Dans un bref et fulgurant roman, Le Sagouin, François Mauriac raconte l’histoire d’un enfant perdu, Guillou. Fils d’un baron faible et lâche qu’une bourgeoise arriviste a épousé pour son argent, Guillou, à douze ans, a été renvoyé de deux écoles privées, et l’instituteur du village ne veut pas de lui. Sa mère le méprise profondément et ne cesse de stigmatiser sa laideur, sa saleté et son arriération mentale ; c’est elle qui l’a nommé « le sagouin ». Mais il faut bien faire quelque chose de Guillou et, en dépit de ses préventions à l’égard de l’instituteur laïc, la baronne va supplier ce dernier de prendre Guillou avec lui, non point dans la classe avec les autres enfants, mais le soir, pour tenter de l’occuper et de lui faire faire quelques progrès. Monsieur Bordas, l’instituteur, qui est aussi secrétaire de mairie, correspondant local de L’Humanité et militant politique de gauche promis à une belle carrière, finit par accepter, moins parce qu’il veut sauver cet enfant que parce qu’il ressent quelque attirance trouble pour sa mère. Guillou va donc être pris en charge par l’instituteur et sa femme, Léone ; il commence par écosser les haricots en écoutant Monsieur Bordas parler de Jaurès. Puis, un jour, Guillou entre dans la chambre du fils de l’instituteur, parti étudier à l’École normale. Là, il choisit un livre, L’île mystérieuse, et lit à Monsieur Bordas un extrait qu’il aime particulièrement : « Mais presque aussitôt, l’inconnu (il s’agit d’un individu mi-homme, mi-bête découvert dans une île déserte) se replia sur lui-même, il s’affaissa à demi et une grosse larme coula de ses yeux. » Ah ! S’écria Cyrus Smith, te voilà donc redevenu homme, puisque tu pleures ! » ». Et François Mauriac note alors : « L’instituteur recula un peu sa chaise. Il aurait pu, il aurait dû s’émerveiller d’entendre cette voix fervente de l’enfant qui passait pour idiot. Il aurait pu, il aurait dû se réjouir de la tâche qui lui était assignée, du pouvoir qu’il détenait pour sauver ce petit être frémissant. Mais il n’entendait l’enfant qu’à travers son propre tumulte. »

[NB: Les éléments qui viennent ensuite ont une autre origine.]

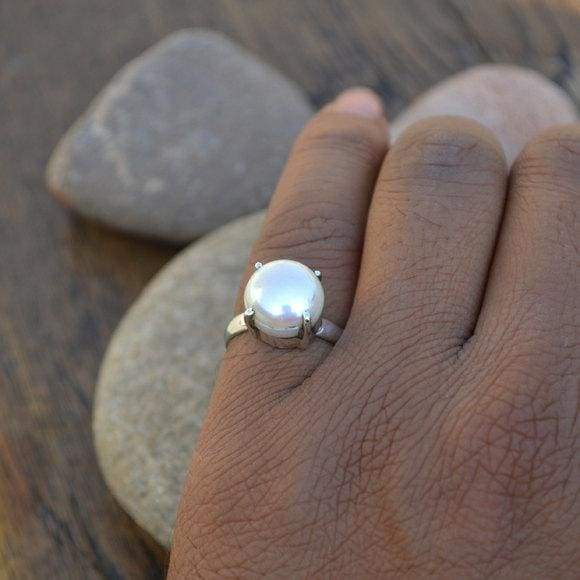 Genuine Fresh Water Pearl handmade Elegant Ring 925 Sterling Solid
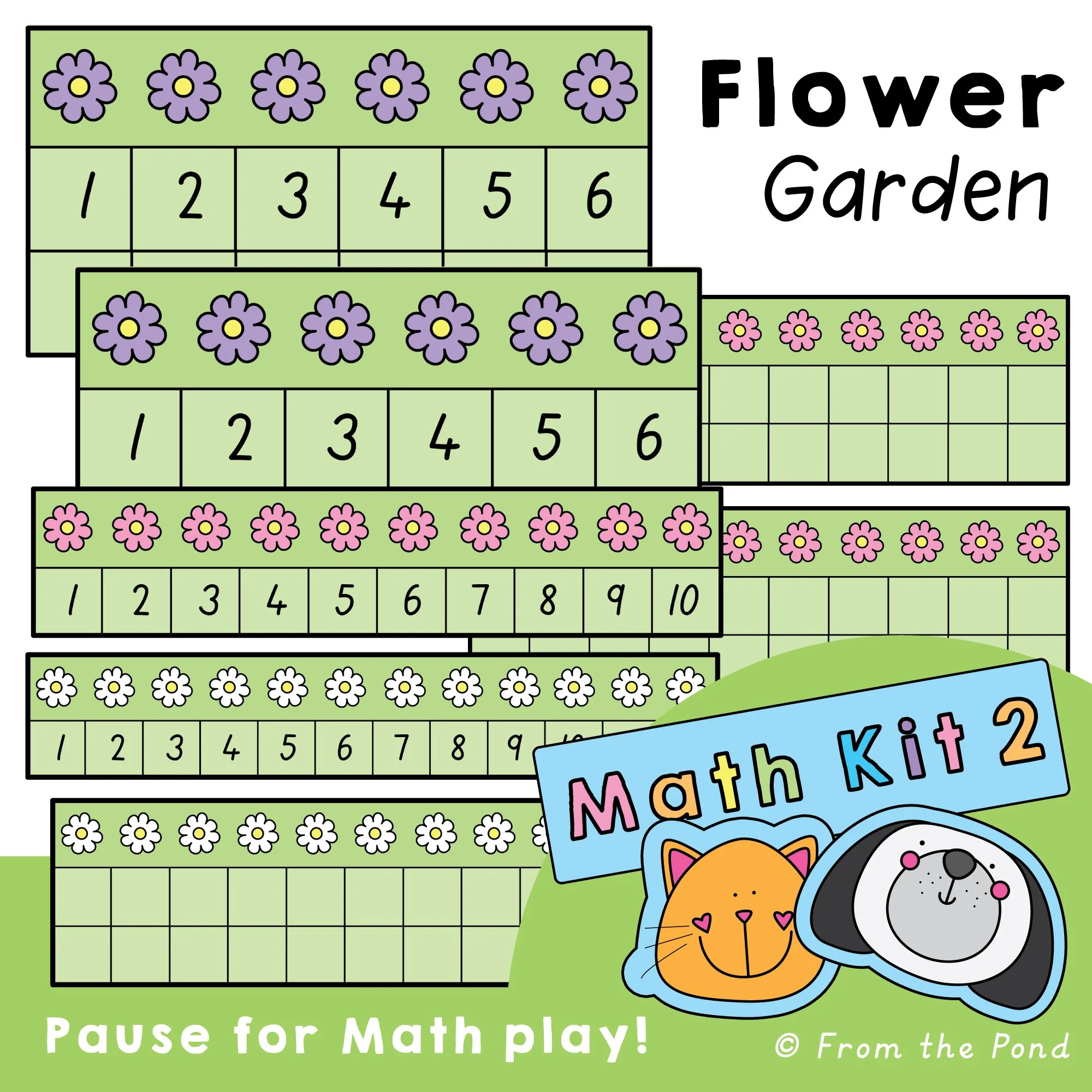  Flower Garden counting to 12 math play mats for building hands-on number sense, counting skills, subitizing, and early math confidence through playful flower themed activities. Fun spring math mats for kindergarten and first grade students learning 
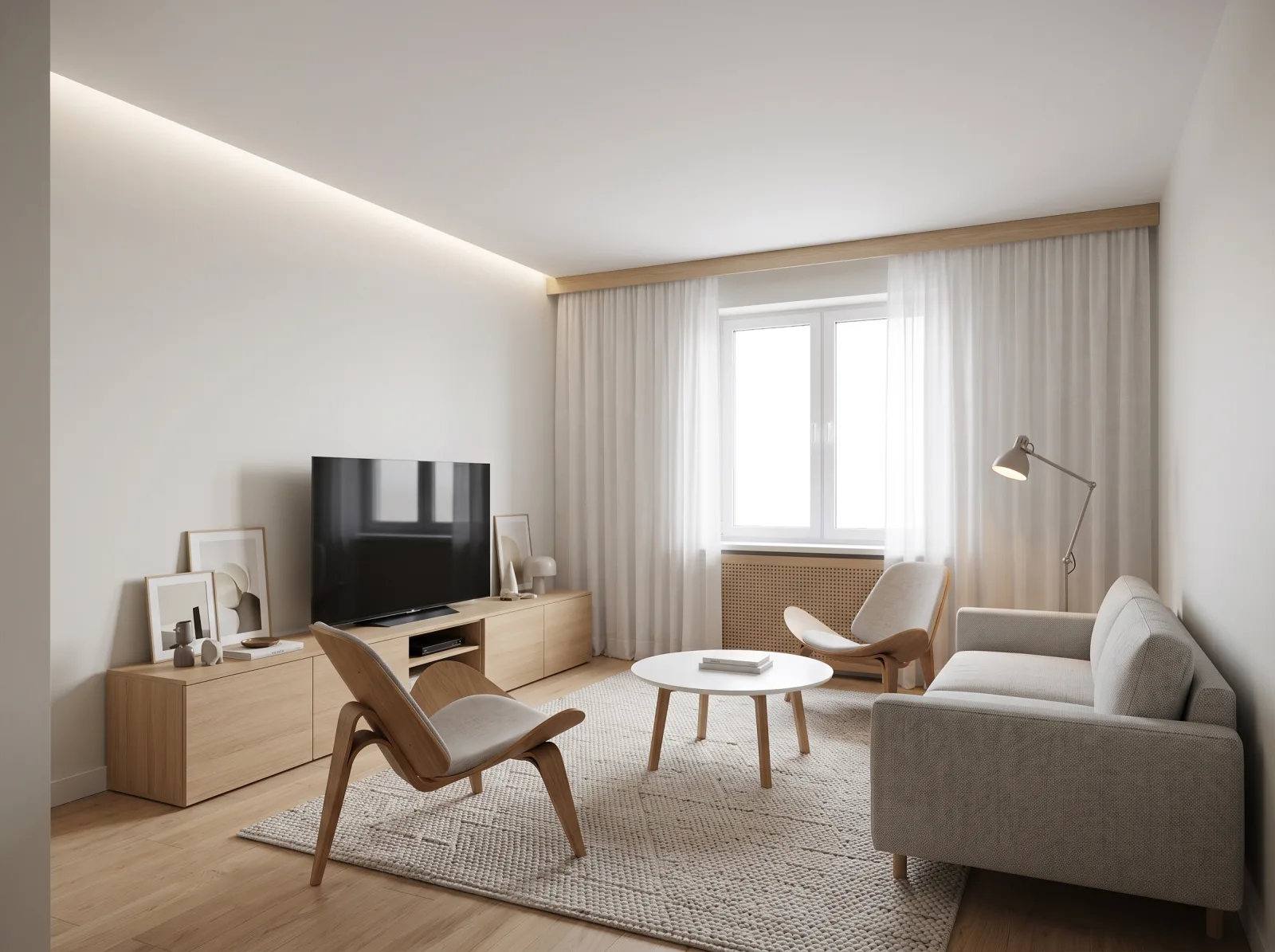 New finishes, furniture and light. Window, radiator and room dimensions stay put.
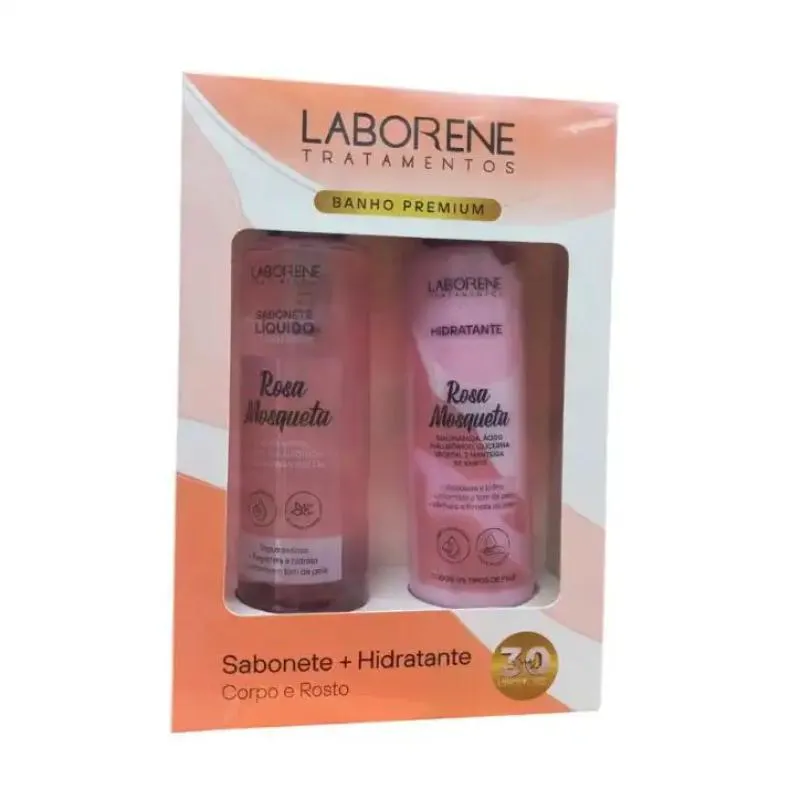 KIT LABORENE ROSA MOSQUETA SABONETE LíQUIDO 200ML + HIDRATANTE 200ML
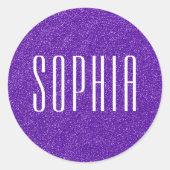 パープルガーリーグリッター名可愛いスパークル ラウンドシール (正面)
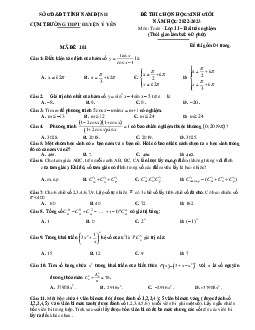 Đề học sinh giỏi Toán 11 năm 2022 – 2023 cụm THPT huyện Ý Yên – Nam Định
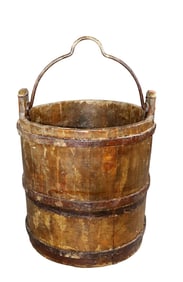 Primitive wood & iron water bucket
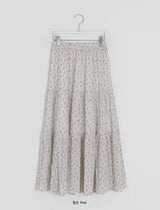 Honil Flower Shirring Banding Long Skirt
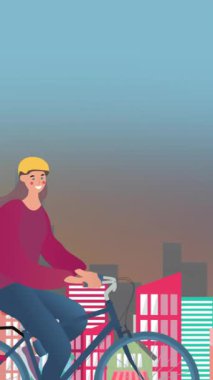 Şehirde bisikletle gezen mutlu aile animasyonu. İş günü ulusal bisiklet ve dijital olarak üretilen video konsepti.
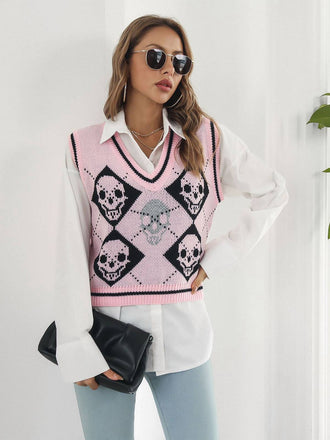 1980er Halloween Schädel Arygle Strickweste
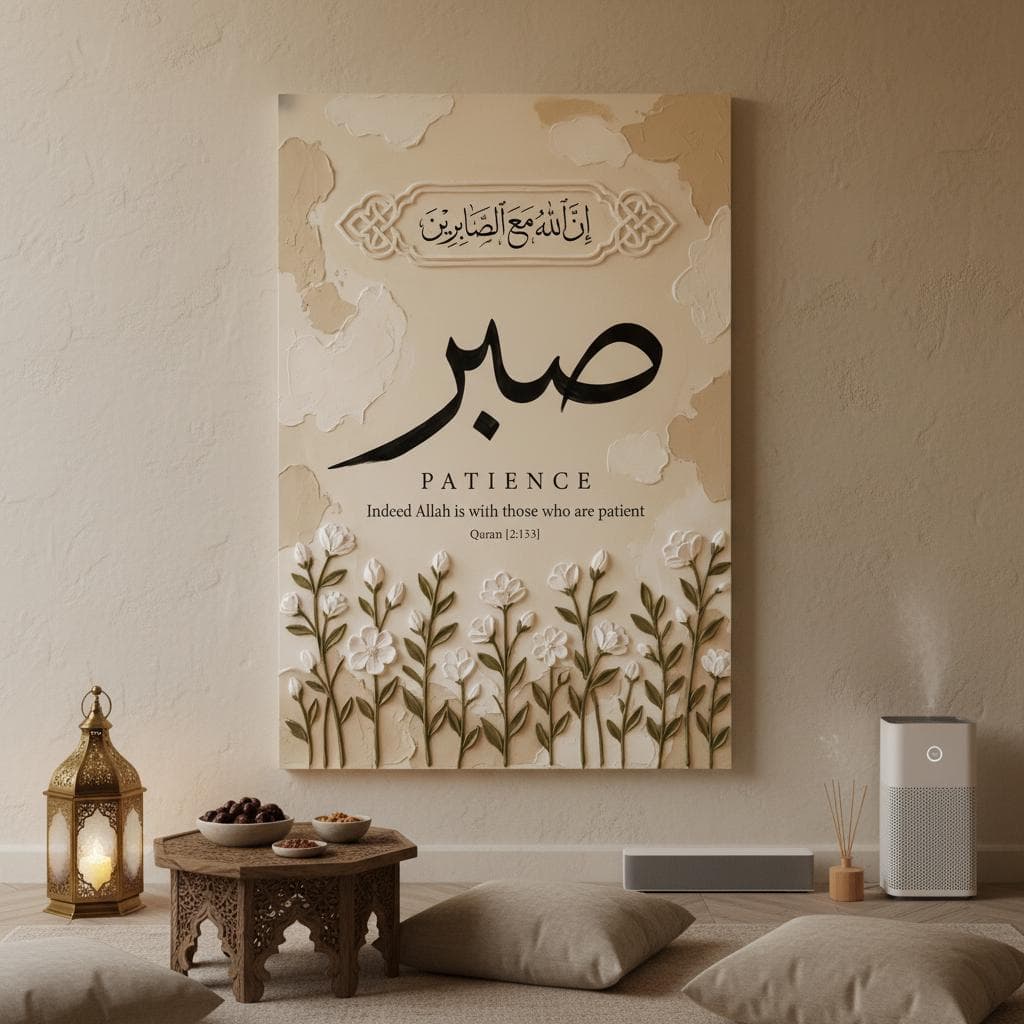 Sabr Islamic Calligraphy Art Print | Arabic Patience Floral Wall Decor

Et n’est-il pas vrai que « notre propre tumulte », toutes nos préoccupations légitimes de carrière et de vie quotidienne, nos soucis de santé et d’argent, le temps qui passe, les obligations de toutes sortes, les programmes qu’il ne faut pas perdre de vue et l’image que nous devons donner à l’institution qui nous emploie… n’est-il pas vrai que tout cela s’interpose bien souvent entre l’enfant et nous, au point que nous ne savons plus saisir les occasions si précieuses qui se présentent, quand un être laisse échapper quelque chose de son désir de grandir et que, plus ou moins maladroitement, il nous invite à l’accompagner ? Bien sûr, nous ne sommes pas coupables car nous sommes des hommes et des femmes incarnés et médiocres, des êtres qui vivent aussi - et peut-être d’abord - du souci d’eux-mêmes… des êtres « raisonnables » qui savent qu’il faut, comme l’explique si bien Vladimir Jankélévitch dans Le paradoxe de la morale, « se ménager suffisamment pour pouvoir continuer à se donner ». La disponibilité totale, aspiration au sacrifice complet de soi, abolirait la possibilité même de tout acte moral, de tout service à l’autre. Nous nous anéantirions dans le gouffre des actions toujours possibles et jamais achevées, condamnés à « pleurer l’éternelle absence des œuvres qui n’ont pas eu lieu ». Car, à l’acte éducatif, il n’est pas de terme et celui qui, le soir, ferme la porte de sa classe, ne peut qu’arbitrairement considérer qu’il a fini son travail. Il sait bien, en réalité, qu’il lui reste, encore et toujours, quelque chose à faire. Mais il n’est ni un saint, ni un héros ; il a une compagne, des enfants, des centres d’intérêt et il doit, surtout, revenir demain matin. Bonne raison pour ne pas trop s’attarder. Comme Monsieur Bordas, il laisse passer des occasions. Mais peut-il en être autrement ?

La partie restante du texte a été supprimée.